## Action item
For this exercise, write out only the lines of the entries below from the one with "3-(4-chlorophenyl)triazolo[4,5-b]pyridine (CAS: 62051-99-4)" up to and including the one with "Бутилка за вода", exactly as they are. Pictures stay out.

━━━ Available data

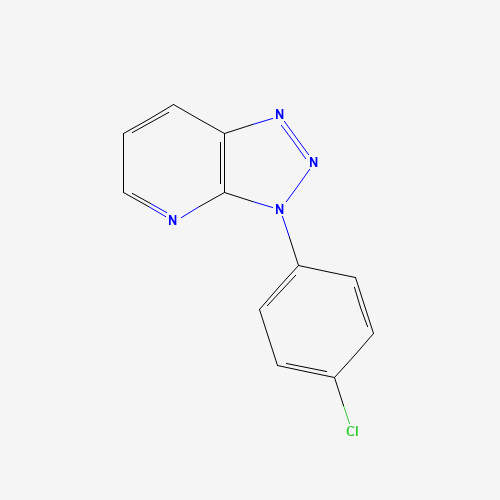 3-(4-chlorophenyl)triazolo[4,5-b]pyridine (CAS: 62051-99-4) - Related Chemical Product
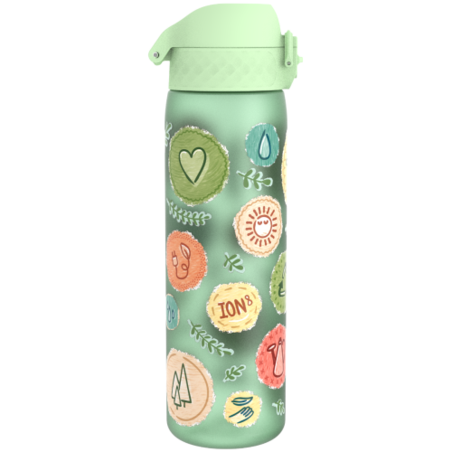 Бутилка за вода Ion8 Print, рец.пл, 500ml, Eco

━━━━━━
━━━ Available data

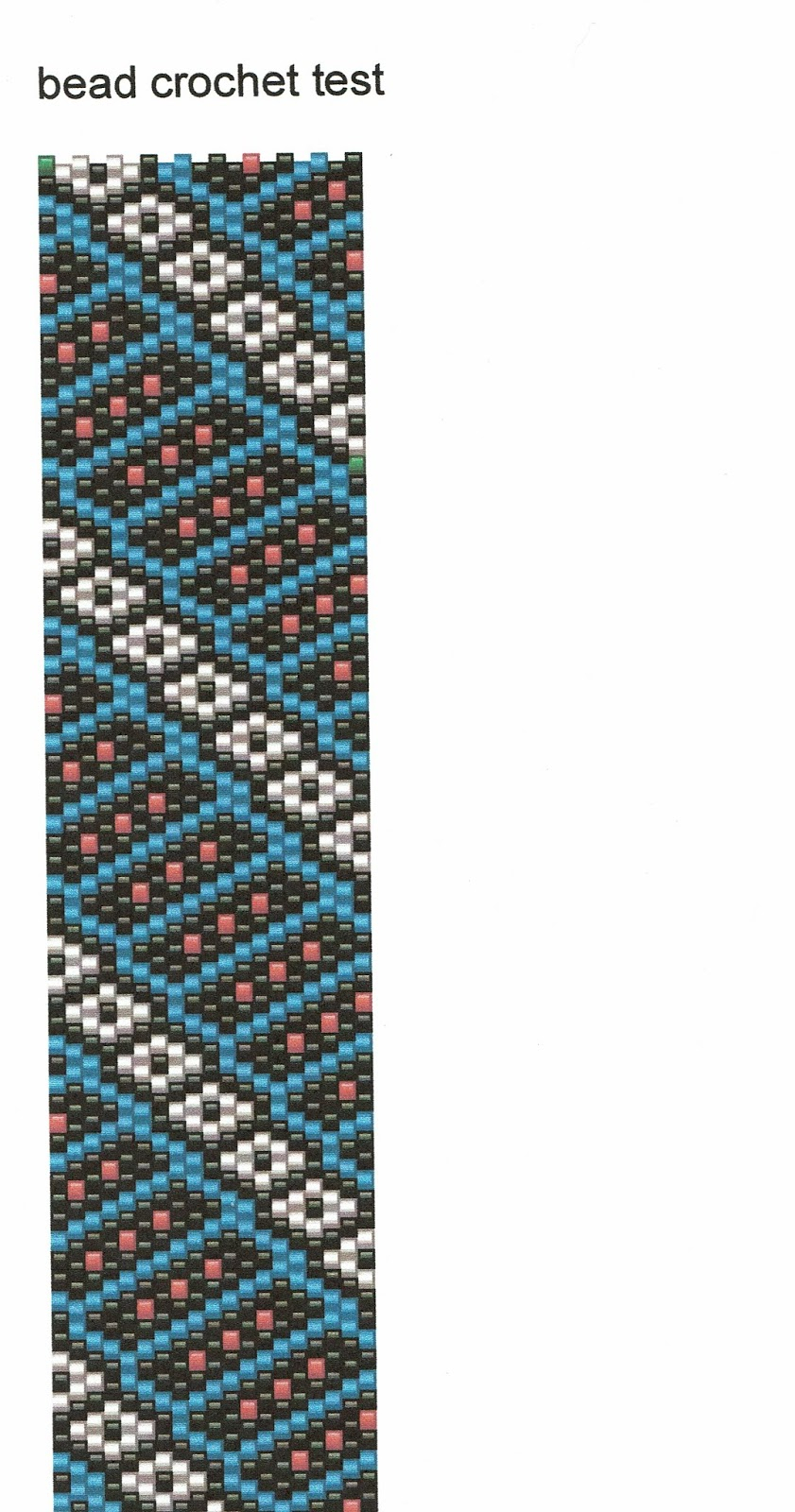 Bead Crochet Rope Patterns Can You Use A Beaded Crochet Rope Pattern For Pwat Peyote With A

━━━━━━
━━━ Available data

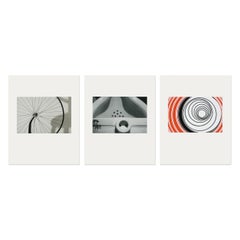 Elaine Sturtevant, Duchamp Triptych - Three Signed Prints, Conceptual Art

━━━━━━

## Solution
 3-(4-chlorophenyl)triazolo[4,5-b]pyridine (CAS: 62051-99-4) - Related Chemical Product
 Бутилка за вода Ion8 Print, рец.пл, 500ml, Eco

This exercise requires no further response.